God of Clocks | |||||
Alan Campbell | |||||
Bantam Spectra, 388 pages | |||||
A review by John Enzinas
For example I had no idea why one of the Arconites (gigantic automatons shaped like skeletal angels) was being
controlled by the spirit of one of the heroes or why there was a demigod being boiled to extract her divinity
in the center of the Sea Gods Airship. For that matter, it was never made clear why a sea god would have an
airship in the first place or why it would be chained to a giant named John Anchor.
Thankfully not knowing what's going on is not a huge liability for this book. It is more like diving in head
first and running with the story, having faith that you'll get the pieces that you need to understand the story.

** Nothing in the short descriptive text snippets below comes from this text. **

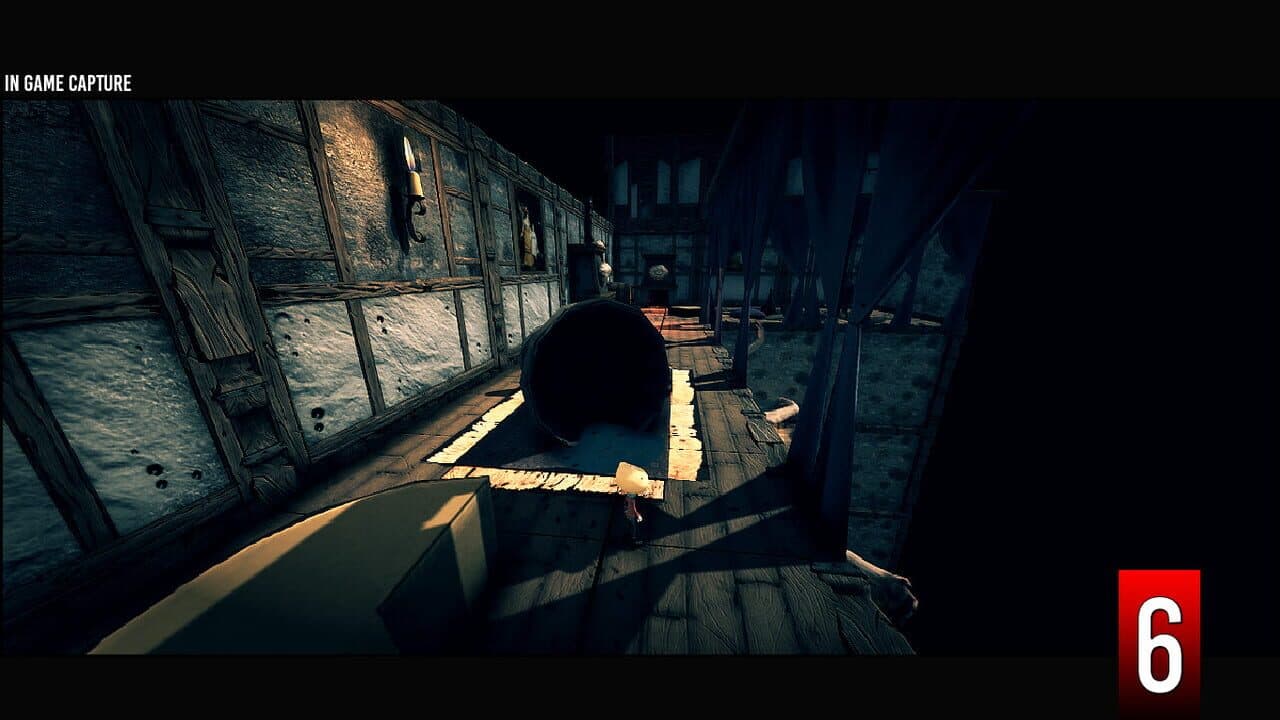 6 thumbnail 9
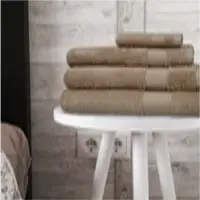 Terry Towels  And Bathrobes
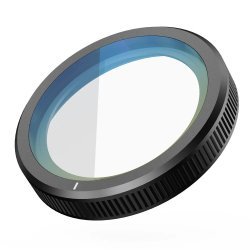 Видеорегистратор VIOFO VIOFO-CPL-200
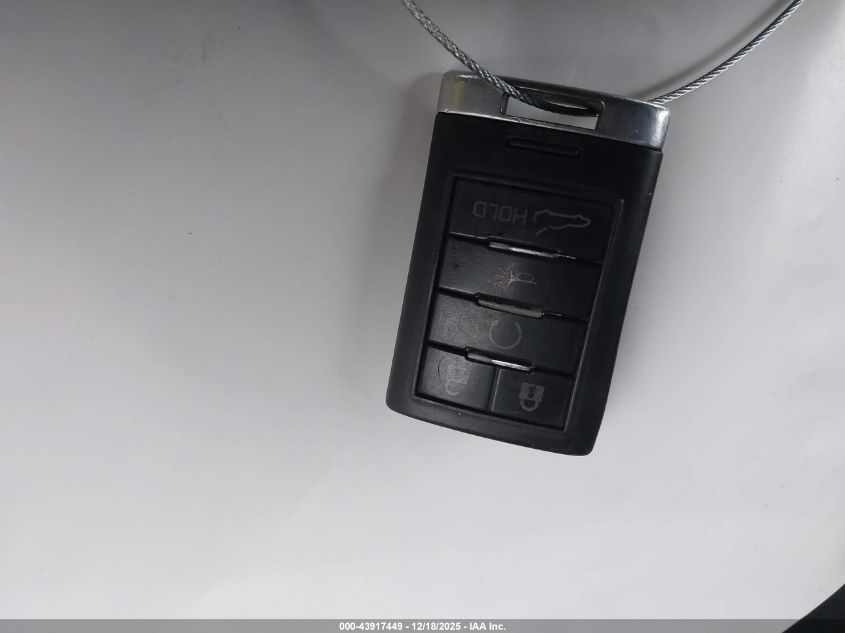 2019 Chevrolet Corvette Stingray VIN: 1G1YB2D7XK5108253 Lot: 43917449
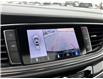 2022 Buick Enclave Premium (Stk: W9262) in Uxbridge - Image 10 of 21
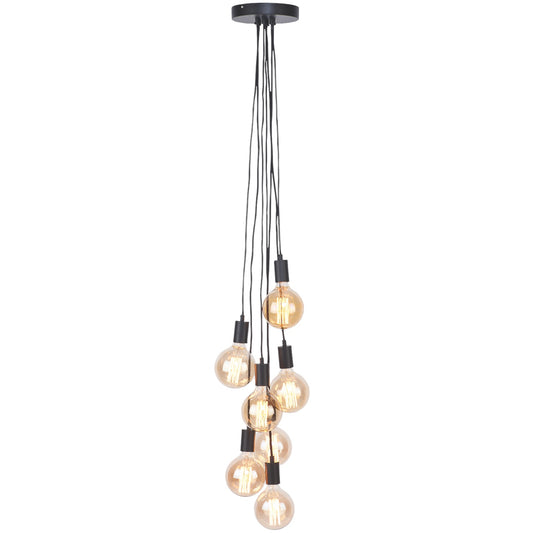 Hanglamp Oslo 7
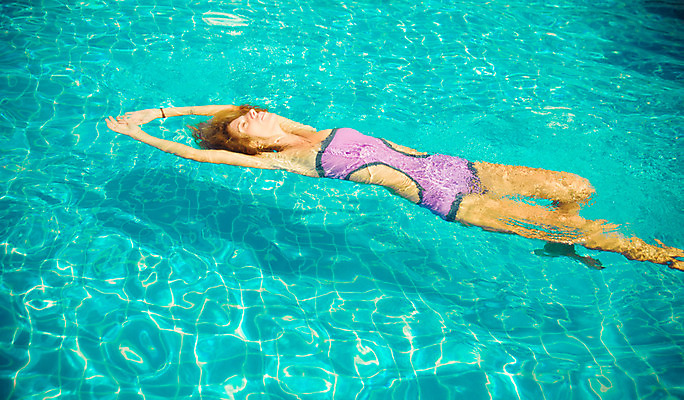 포토 JPG 해외이미지 모델 1 라이프스타일 여자 수영복 스포츠 여행 포즈 자연 휴가 휴식 건강 한명 미소 사람 성인 물 여름 파란색 운동 햇빛 유행 수영 힘 기쁨 꿈 에너지 선탠 휴양지 추적 해외202004 해외포토 자연요소 옷 계절 감정 컬러 컨셉 모션 표정 생활 태양 장소 수상스포츠 생태계 파일형식 이미지허브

The heros decide that their best plan is to split into two groups. The first, the sea god Cospinol and his anchor
head to Hell to fight its king. The second group, composed of the former assassin Rachel, and the two escapees
from Hell, Mina and Hast, take their freed Arconite to see if they can rouse Heaven to clean up the mess Hell has
made of the world.
Alan Campbell's world building is amazing. He has some brilliant ideas and adds some lovely little twists to everything
making the world both interesting and satisfyingly crunchy. It's all going quite well with the action building
to a nice fevered pitch. Even the loops of time travel and paradox (they are meeting the God of Clocks)
are handled fairly well and then all of a sudden it just stops.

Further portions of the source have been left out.